2. Research topical niche keywords
Keyword research is the place from which content that's appropriately structured truly germinates and grows.
Don't just pick a random keyword and try to rank for it. Instead, choose keywords that resonate with your audience's searches, their needs, and their questions.
Even if the search volume is low, one ideal prospect visiting your site because of a super-relevant, targeted keyword is better than 100 non-prospects from a less relevant but higher-volume term.
- Look at your industry, your expert knowledge, and where they collide. Find keywords that live in that intersection.
- Further drill down your keyword list by using resources like social media, Quora, and Answer the Public to figure out the actual language your audience is using in keywords.
- Use keyword research tools to find out if you can actually rank for your chosen terms, or whether the competition is too steep (new websites need to pay more attention to this than older, established ones). I like KWFinder and SEMrush.
3. Build and vet a blog topic
With a keyword list in hand, you can then move on to build and vet a blog topic your readers will actually want to read.
- Start with a focus keyword from your researched list.
- Build your topic around that keyword.
- Use Google and keyword research tools to discover related keywords you can use in the same piece of content.
- Related keywords may additionally help fill in your content outline.
And to find a quick list of related keywords in Google...
- Type your focus keyword into search.
- Look under "Searches related to…" for a list of terms related to your focus keyword. You can sprinkle these into your content piece!
- Vet your blog topic. Use tools like BuzzSumo to find out what topics are trending or getting the most engagement for your focus keyword.
- Finally, find a fresh angle on the topic using your unique perspective and expertise.
4. Use a long-form structure
The final piece of structured content is the long-form formula. You must...
- Be the best resource on your chosen topic. Whatever you do, to rank well (I'm talking No. 1, here), you need to beat the other blogs ranking for your keyword. That means doing MORE.
More information, deeper research, more current stats, better writing, better formatting, and better use of visuals.
To be better, you literally have to do better.
- Be comprehensive.

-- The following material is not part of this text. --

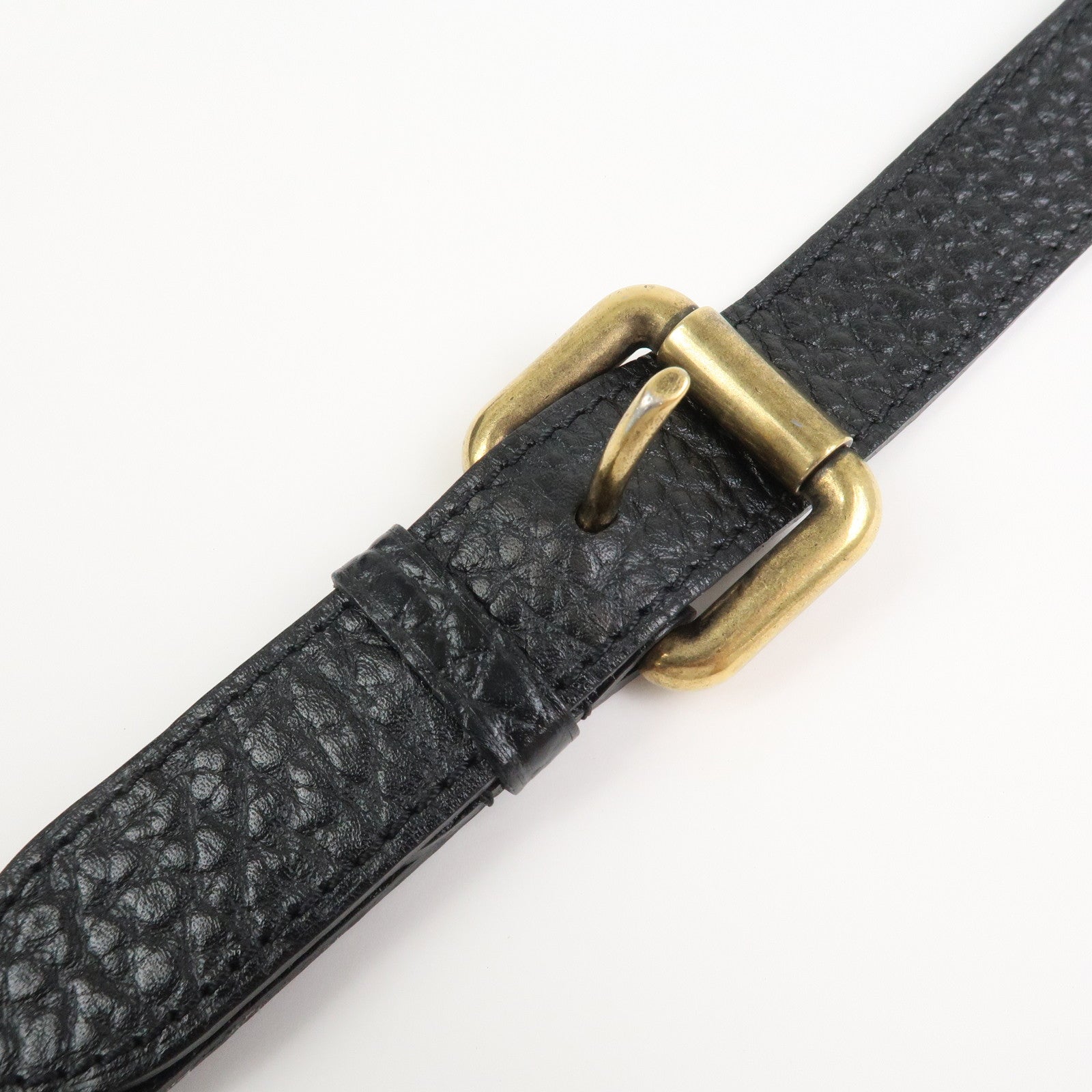 Louis Vuitton Monogram Denim Neo Cabby MM 2Way Bag Noir M95351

The most comprehensive blogs cover a topic inside-out. No holes, no leftover questions, no unsatisfying conclusions.
My best tip for hitting the right note with comprehensiveness? Creating an outline.

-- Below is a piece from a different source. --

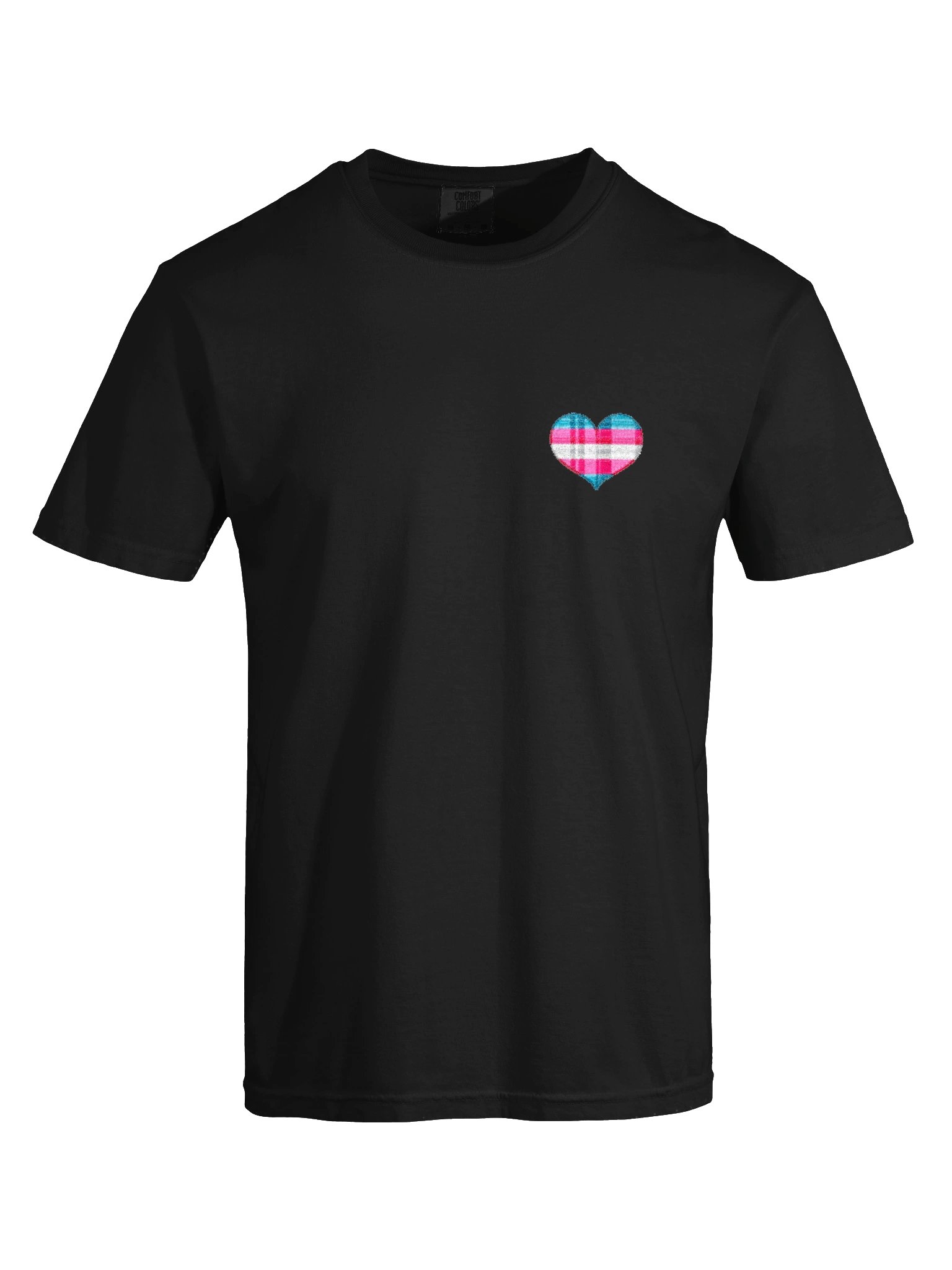 Trans Pride Flannel Tee product image (7)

- Use lots of data and current stats. Research is a key element in ranking content. Whether you conduct your own studies or pull from other sources, you need to make sure the data and stats you use are both credible and current.
For that matter, don't just spout numbers. Back them up. Link to studies, research, collected data, and other experts. Cite them and use their findings to strengthen your own position in your content.
- Include subheaders for readability. Subheaders are essential in long-form content. They break up the text into readable chunks; organize the information under scannable headings; and provide ideal places to add keywords for SEO.
Look at the following Smartblogger piece for inspiration on all of the above: subheaders, comprehensiveness, etc. It's 3,000+ words and is ranking well for a niche keyword.
The article blends the art and science of ranking effortlessly (no wonder: Jon Morrow wrote it).
- The writing is engaging, creative, and clear.
- It has clear takeaways and great visuals.
- It has no fewer than 14 subheads.
- It relies on data and studies to back up claims and points.
- It contains practical advice and actively guides the target reader.
That is exactly how structured content should look. Period.
Ready to Rank? Invest in the Art and Science of Structured, Strategic Content
If ranking in Google is both an art and a science... then that explains why taking random shots in the dark, guessing about keywords, and doing zero research gets you nowhere.
You have to be strategic. You need a formula to create content that ranks, one that blends the creativity and finesse of writing with the logic, structure, and rules of SEO.
To climb the Google mountain, you need both disciplines.